Eu vejo o Common Law como o sistema ideal para se trabalhar com a meritocracia. O fato de consolidar uma jurisprudência, ou uma prática como costume combate a porcaria do legalismo que é prejudicial ao debate e ao desenvolvimento de ideias. Assim, vai premiar a melhor argumentação, a construção de ideais, oratória e derivados. Além disso, tem a questão de repartir entre as partes a instrução probatória. Aí não fica aquela porquisse aqui do advogado/promotor empurrar os autos para o estagiário, pois as partes vão correr atrás para resguardar os seus interesses.
Ainda tem a questão da ampla utilização dos jurados, que permite a população, fora da área, participar efetivamente do que se tem como "justiça".
Sobre os advogados. Calma, muita calma nessa hora. As vezes alguns ficam como trainee ou como estagiário, e vão lá e colocam como se fosse prática de advocacia. Em Portugal, por exemplo, o advogado (recém formado) é obrigado a ficar três anos como estagiário antes de exercer os atos da advocacia.
Ainda em Portugal, devido a tratados com o Brasil, é possível habilitar a sua OAB lá e exercer a advocacia lá. É claro que é necessário alguns cursos para se familiarizar com as leis locais, mas a burocracia é reduzida.
Sobre o seu questionamento. Sim e não.
0,000001% dos escritórios oferecem aos advogados o regime celetista (CLT). A maioria acaba como associado, trabalhando um monte e ganhando uma merreca sem alguns direitos básicos. Além disso, tem a questão do salário. Pode parecer cômico, e claro, deve-se levar em consideração os seus custos locais, mas começar em um escritório com um salário de pelo menos R$ 3.000,00 já é um bom start, tendo em vista o status do mercado.

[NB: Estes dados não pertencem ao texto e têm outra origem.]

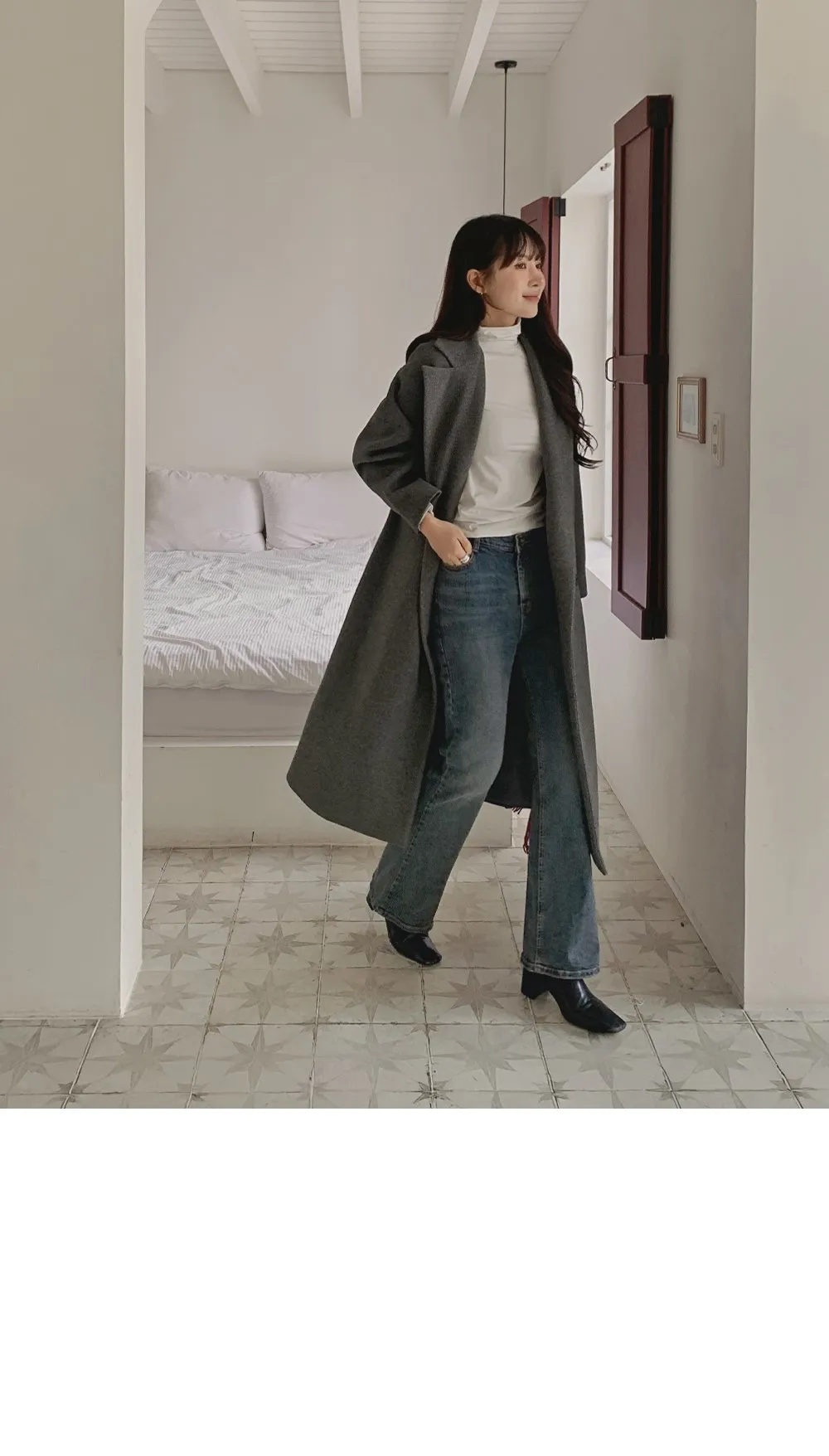 마법핫핑텍 터틀넥긴팔티셔츠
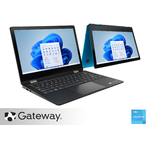 Gateway Notebook 11.6&quot; Touchscreen 2-in-1s Laptop, Intel Celeron N4020, 4GB RAM, 64GB HD, Windows 10 Home, Blue, GWTC116-2BL - Walmart.com $99.50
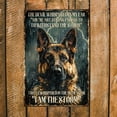 thumbnail image 7 of German Shepherd Tin Sign Black Dog Metal Tin Sign Vintage Metal Tin Sign 12×8inch I Am The Storm Funny Wall Decor Tin Signs for Home Bar Shop Coffee Decoration, 7 of 7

Por fim, recomendaria alguns editais para concurso nas áreas jurídicas de empresas públicas. Além de salários convidativos, aliados com a prática da advocacia, por lei, é obrigatória a contratação como celetista. O mesmo se aplica nas contratações feitas por empresas privadas (ex. banco - mas para trabalhar no setor jurídico do local, não no escritório de massa), o único revés é que apesar de celetista, os salários são menores.
Só para fechar (prometo), vi que o confrade cita muito os EUA. Recomendaria dar uma olhada no Direito Comunitário (União Europeia). Tudo bem que tem esquerdismo lá, mas se você deixar isso de lado e trabalhar com um direito comunitário, vai ver que os europeus estão com algumas ideais e materiais muito bons que fatalmente chegarão aqui cedo ou tarde.
Além dos meus investimentos pessoais, tenho estudado via direito comparado os materiais europeus e observado alguns decisões das Cortes Europeias. Como não somos um país que produz conhecimento, mas que reproduz, o que eles estão falando lá agora, chegará aqui mais tarde, e dominar esse conteúdo antes de todos pode ser um diferencial.
Via Google Books e o site da Corte Europeia de Justiça (tradução de português de Portugal) você consegue esse material.